Nesselwang
Mobilfunk brennt unter den Nägeln

Das Thema Mobilfunk brennt den Nesselwangern unter den Nägeln: Als es nun im Marktgemeinderat um die umstrittene Erweiterung der Sendeanlage mitten im Ort um einen UMTS-Sender (wir berichteten) ging, kamen rund 70 Bürger. Da die Plätze im Sitzungsaal nicht ausreichten, zog man kurzerhand in den großen Saal des Pfarrheims um. Zu einer Einigung mit dem Vertreter von T-Mobile, Mario Jaritz, kam es dort jedoch nicht.

Schutz der Bevölkerung

Bürgermeister Franz Erhart betonte eingangs: «Auf der einen Seite muss die Kommunikation gewährleistet sein, auf der anderen Seite geht es um den Schutz der heimischen Bevölkerung.» Anlass für das Gespräch mit Mario Jaritz von T-Mobile war der Plan, die sich in der Ortsmitte befindliche Mobilfunksendeanlage um UMTS zu erweitern. Dies sei notwendig, weil die Kapazität der Sendeanlage aufgrund der stark erhöhten Nachfrage nicht mehr ausreiche, erläuterte Jaritz.

Das allerdings widerspricht den Interessen einer Vielzahl von Nesselwangern - sie fordern eine Verlegung des vorhandenen Mobilfunksenders außerhalb des Ortes. Deshalb hat die Bürgerwerkstatt Mobilfunk vorgeschlagen, die Sendeanlagen an die Mittelstation der Alpspitzbahn zu verlegen.

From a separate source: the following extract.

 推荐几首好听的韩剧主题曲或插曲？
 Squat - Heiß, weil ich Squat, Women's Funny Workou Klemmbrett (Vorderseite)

Auch das Mobilfunkgutachten des Zweckverbandes «Allgäuer Land» empfiehlt dies.

Dieser Standort sei für einen UMTS-Sender technisch problematisch, da er die Reichweite von maximal 1,2 Kilometern bis zum Ortskern deutlich überschreite, widersprach Jaritz. In diesem Fall würde sich automatisch die Sendeleistung erhöhen und somit die Strahlungsemissionen ansteigen. Überhaupt zog Jaritz die Aussagen in dem Mobilfunkgutachten in Zweifel. Der Gutachter verfüge nicht über alle notwendigen Informationen. Er musste aber auch zugeben, dass ihm nur ein Teil des Gutachtens bekannt ist. Spontan erklärte sich der Gemeinderat bereit, ihm eine Kopie des gesamten Gutachtens zur Verfügung zu stellen. Neben technischen Bedenken musste er auch einräumen, dass es wirtschaftliche Gründe gäbe, den Standort zu verlegen.

Die Frage, ob es die Entscheidung beeinflussen könnte, wenn sich die Gemeinde finanziell an der Standortverlegung beteilige, lehnte er zwar nicht rundweg ab, schränkte aber ein: «Solche Modelle gibt es, aber nur für neue Standorte.» Grundsätzlich erklärte sich Jaritz aber bereit, weiter mit Nesselwang im Gespräch zu bleiben - zumal der Bau der UMTS-Station erst für 2010 geplant sei.

Nicht zielführend

«Das Ergebnis des heutigen Gesprächs war zwar noch nicht zielführend, aber wir werden die Gespräche vor der Installation noch fortsetzen», fasste Bürgermeister Erhart die Ausführungen von Mario Jaritz zusammen. In diesem Zusammenhang appellierte er nochmals an die Nesselwanger, keine Standorte für Mobilfunksender auf Privatgrundstücken freizugeben.